**** Material provided

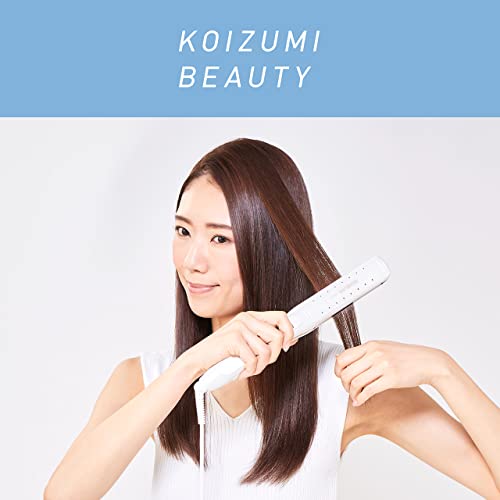 Kozumi Straightening Hair Iron, 13 Temperature Settings, Fast Heating, Negative Ion, International Compatible, White, KHS-8130/W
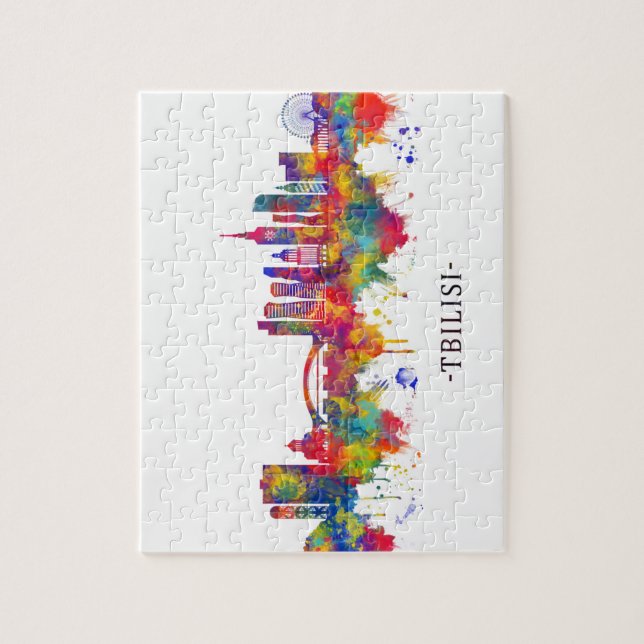 Tbilisi Georgia Skyline Pussel (Vertikal)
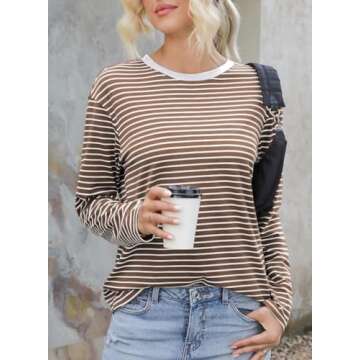 Dokotoo Stylish Long Sleeve Shirt for Women - Fall Fashion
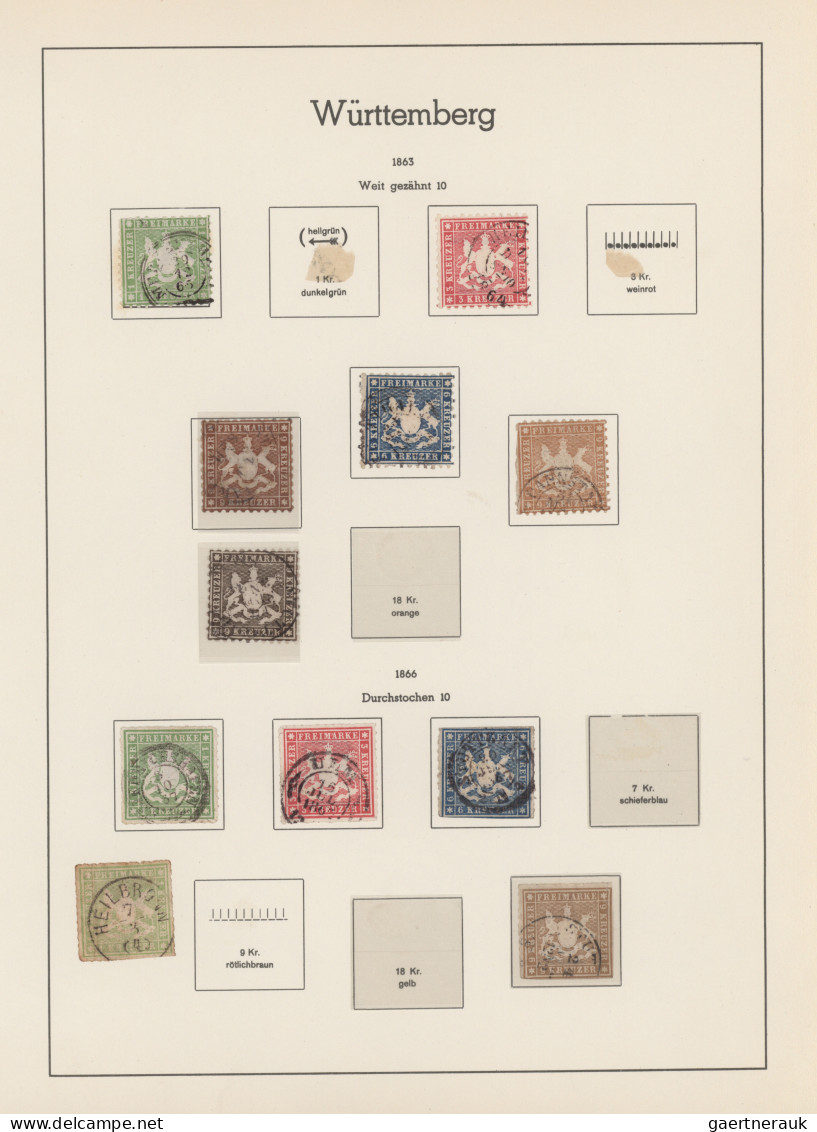 Altdeutschland: 1849/1872, Sammlung Der Altdeutschen Staaten überwiegend In Gest - Colecciones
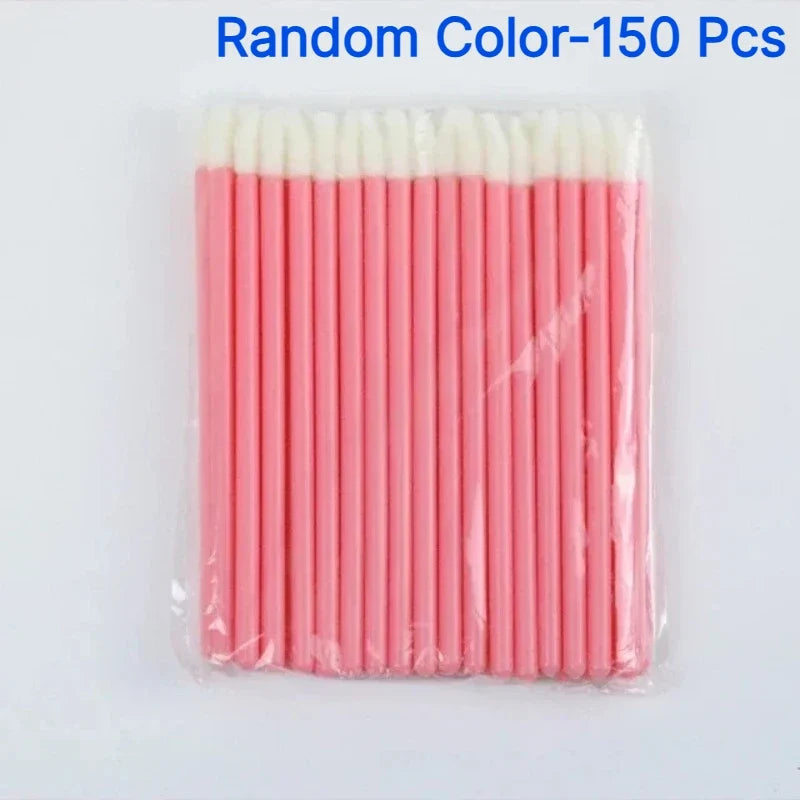 Disposable Hollow Rod Lip Brush Portable Beauty Tool Plush Lipstick Brush Lip Gloss Makeup Brush Specialized Makeup Brush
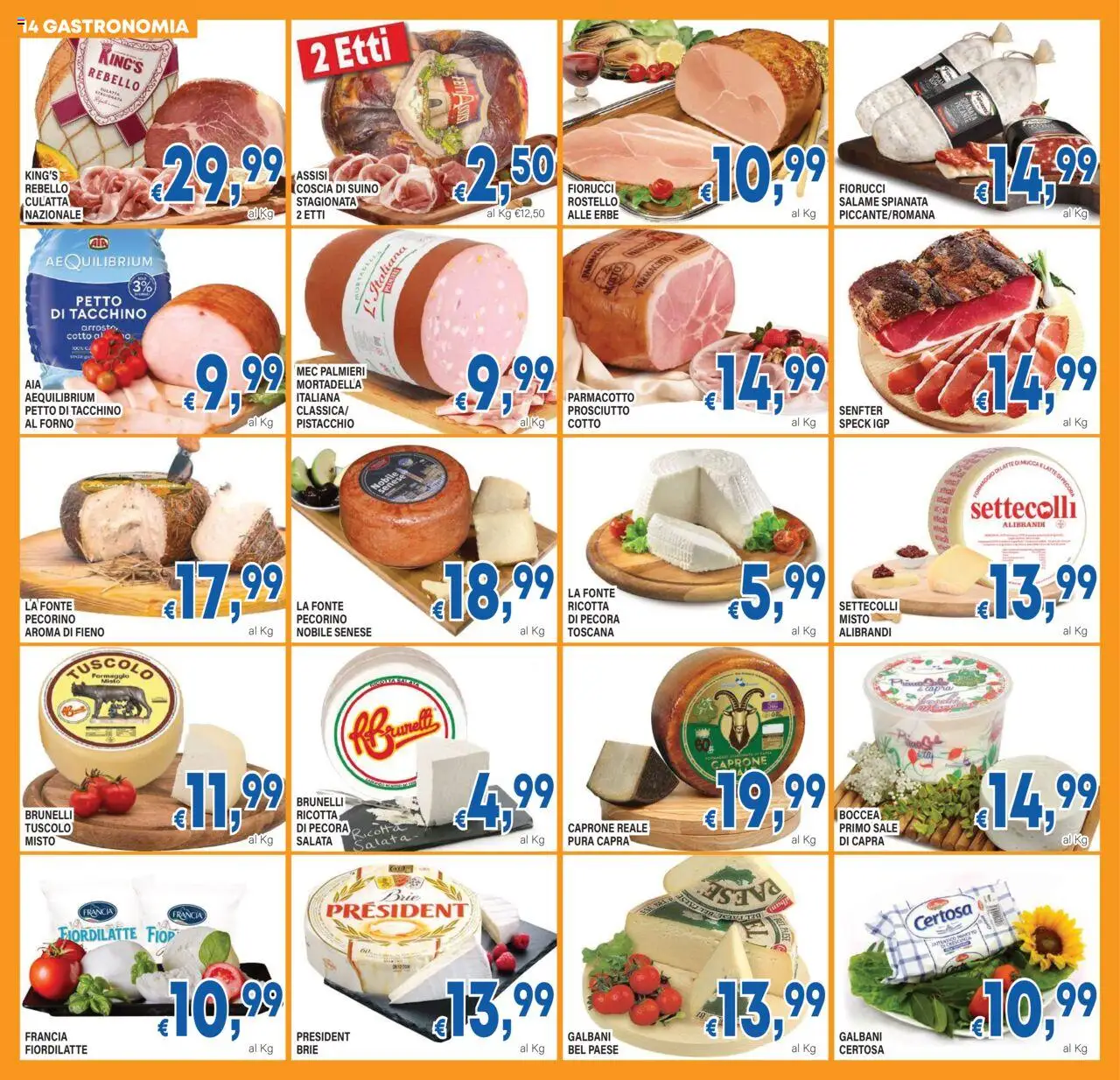 Volantino DEM del 27.08.2025 | Pagina: 14 | Prodotti: Salame, Tacchino, Latte, Mortadella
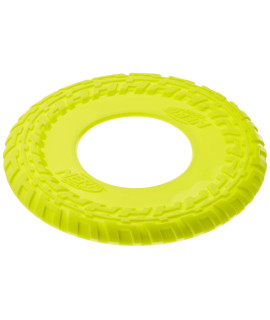 Nerf Dog Profile Flyer Dog Toy Rubber Frisbee Thermoplastic Rubber Assorted Colours Blue or Green 30.5 cm Pack of 1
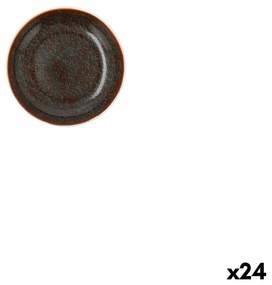 Piatto Piano Ariane Decor Ceramica Marrone (10 cm) (24 Unità)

********

| What to produce |
If a line falls between the one containing "Dokotoo Stylish Long" and the last line of the entries above, both included, reproduce it exactly; leave the pictures out.

| Task response |
 Dokotoo Stylish Long Sleeve Shirt for Women - Fall Fashion
 Altdeutschland: 1849/1872, Sammlung Der Altdeutschen Staaten überwiegend In Gest - Colecciones
 Disposable Hollow Rod Lip Brush Portable Beauty Tool Plush Lipstick Brush Lip Gloss Makeup Brush Specialized Makeup Brush
 Volantino DEM del 27.08.2025 | Pagina: 14 | Prodotti: Salame, Tacchino, Latte, Mortadella
 Nerf Dog Profile Flyer Dog Toy Rubber Frisbee Thermoplastic Rubber Assorted Colours Blue or Green 30.5 cm Pack of 1
 Piatto Piano Ariane Decor Ceramica Marrone (10 cm) (24 Unità)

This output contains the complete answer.